INPUT DATA
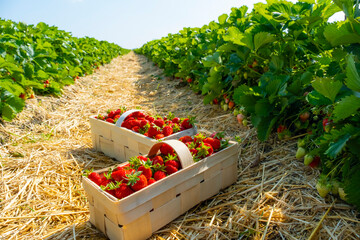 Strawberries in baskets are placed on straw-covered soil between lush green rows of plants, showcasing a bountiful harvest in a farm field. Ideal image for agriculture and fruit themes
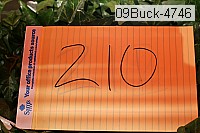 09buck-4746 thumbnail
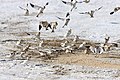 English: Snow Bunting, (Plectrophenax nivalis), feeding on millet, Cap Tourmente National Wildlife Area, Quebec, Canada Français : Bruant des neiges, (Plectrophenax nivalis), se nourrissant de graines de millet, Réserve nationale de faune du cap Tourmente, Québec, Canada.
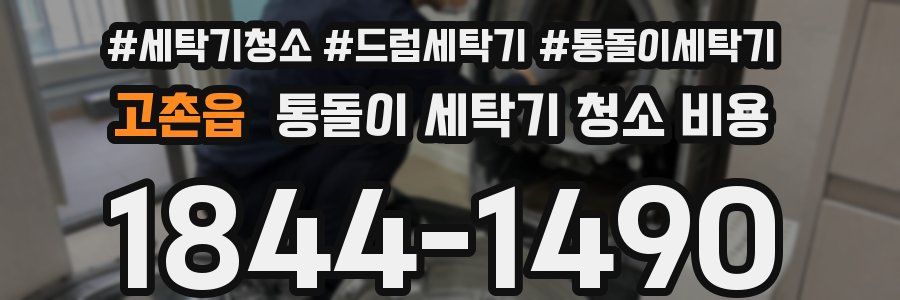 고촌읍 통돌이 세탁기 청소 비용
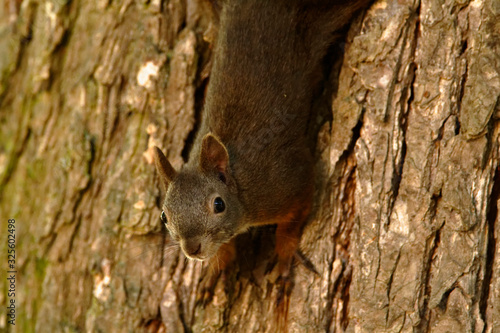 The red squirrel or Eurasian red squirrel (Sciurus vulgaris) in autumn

WORK TASK
Please set down the records above verbatim, with each picture left out.

SOLUTION TO THE PROBLEM
 Strawberries in baskets are placed on straw-covered soil between lush green rows of plants, showcasing a bountiful harvest in a farm field. Ideal image for agriculture and fruit themes
 09buck-4746 thumbnail
 English: Snow Bunting, (Plectrophenax nivalis), feeding on millet, Cap Tourmente National Wildlife Area, Quebec, Canada Français : Bruant des neiges, (Plectrophenax nivalis), se nourrissant de graines de millet, Réserve nationale de faune du cap Tourmente, Québec, Canada.
 고촌읍 통돌이 세탁기 청소 비용
 The red squirrel or Eurasian red squirrel (Sciurus vulgaris) in autumn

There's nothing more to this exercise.